• **Data excerpts**:
******
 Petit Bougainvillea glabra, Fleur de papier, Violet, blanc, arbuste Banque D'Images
******
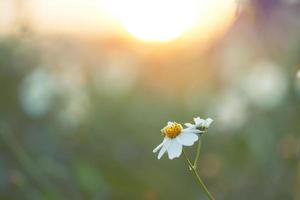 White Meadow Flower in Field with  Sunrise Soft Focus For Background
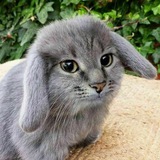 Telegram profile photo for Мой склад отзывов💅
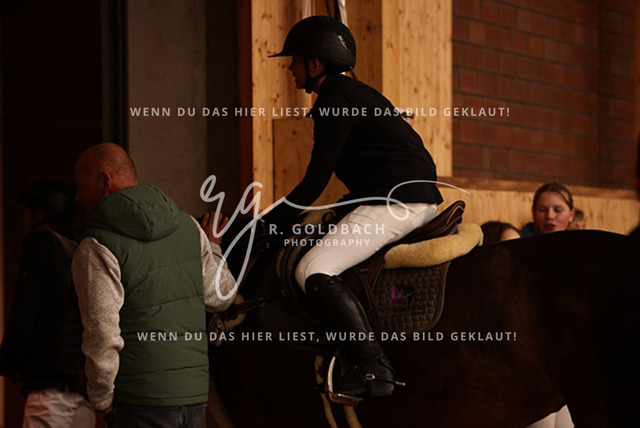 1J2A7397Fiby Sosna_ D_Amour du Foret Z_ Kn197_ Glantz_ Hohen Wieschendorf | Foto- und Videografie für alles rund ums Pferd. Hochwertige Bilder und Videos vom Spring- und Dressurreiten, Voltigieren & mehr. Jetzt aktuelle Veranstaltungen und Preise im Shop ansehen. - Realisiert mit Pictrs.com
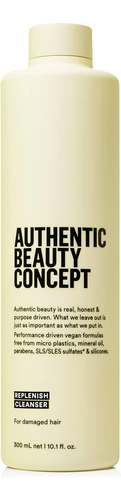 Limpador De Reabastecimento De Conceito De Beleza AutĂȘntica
******
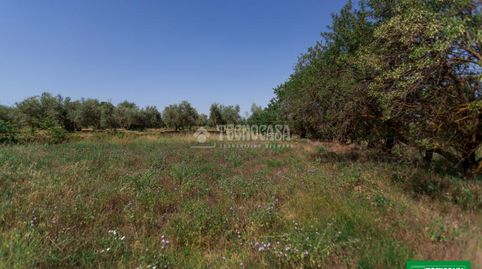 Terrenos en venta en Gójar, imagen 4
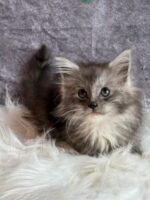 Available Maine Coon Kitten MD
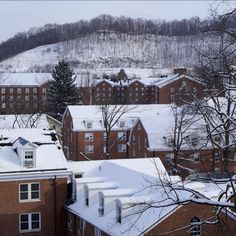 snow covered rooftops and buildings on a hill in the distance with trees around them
******
Would you write out exactly the lines above, starting at the line containing "Available Maine Coon Kitten MD" and stopping after the line containing "snow covered rooftops"? Omit the pictures.

 Available Maine Coon Kitten MD
 snow covered rooftops and buildings on a hill in the distance with trees around them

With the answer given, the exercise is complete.